* _The problem_: Write out each record a second time, exactly.

* _Records for the task_:
◆ ◆ ◆

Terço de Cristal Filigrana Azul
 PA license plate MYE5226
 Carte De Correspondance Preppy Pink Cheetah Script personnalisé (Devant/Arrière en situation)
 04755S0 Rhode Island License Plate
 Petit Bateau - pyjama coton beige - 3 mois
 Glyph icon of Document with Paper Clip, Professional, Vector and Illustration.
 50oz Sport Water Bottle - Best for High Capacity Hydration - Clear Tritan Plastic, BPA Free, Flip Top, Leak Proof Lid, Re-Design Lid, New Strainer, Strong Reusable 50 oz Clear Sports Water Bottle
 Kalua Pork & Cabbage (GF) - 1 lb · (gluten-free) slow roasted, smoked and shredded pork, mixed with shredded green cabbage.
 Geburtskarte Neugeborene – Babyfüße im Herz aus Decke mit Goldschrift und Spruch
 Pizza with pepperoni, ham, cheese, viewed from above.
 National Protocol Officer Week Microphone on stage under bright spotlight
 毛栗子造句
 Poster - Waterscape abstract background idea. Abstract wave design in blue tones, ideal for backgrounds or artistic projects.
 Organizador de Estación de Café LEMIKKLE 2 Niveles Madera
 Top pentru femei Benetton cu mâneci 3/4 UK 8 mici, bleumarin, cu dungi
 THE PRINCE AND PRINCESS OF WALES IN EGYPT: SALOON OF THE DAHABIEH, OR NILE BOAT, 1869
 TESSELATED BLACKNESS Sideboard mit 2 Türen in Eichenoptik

◆ ◆ ◆

* _Solution for this problem_:
Terço de Cristal Filigrana Azul
 PA license plate MYE5226
 Carte De Correspondance Preppy Pink Cheetah Script personnalisé (Devant/Arrière en situation)
 04755S0 Rhode Island License Plate
 Petit Bateau - pyjama coton beige - 3 mois
 Glyph icon of Document with Paper Clip, Professional, Vector and Illustration.
 50oz Sport Water Bottle - Best for High Capacity Hydration - Clear Tritan Plastic, BPA Free, Flip Top, Leak Proof Lid, Re-Design Lid, New Strainer, Strong Reusable 50 oz Clear Sports Water Bottle
 Kalua Pork & Cabbage (GF) - 1 lb · (gluten-free) slow roasted, smoked and shredded pork, mixed with shredded green cabbage.
 Geburtskarte Neugeborene – Babyfüße im Herz aus Decke mit Goldschrift und Spruch
 Pizza with pepperoni, ham, cheese, viewed from above.
 National Protocol Officer Week Microphone on stage under bright spotlight
 毛栗子造句
 Poster - Waterscape abstract background idea. Abstract wave design in blue tones, ideal for backgrounds or artistic projects.
 Organizador de Estación de Café LEMIKKLE 2 Niveles Madera
 Top pentru femei Benetton cu mâneci 3/4 UK 8 mici, bleumarin, cu dungi
 THE PRINCE AND PRINCESS OF WALES IN EGYPT: SALOON OF THE DAHABIEH, OR NILE BOAT, 1869
 TESSELATED BLACKNESS Sideboard mit 2 Türen in Eichenoptik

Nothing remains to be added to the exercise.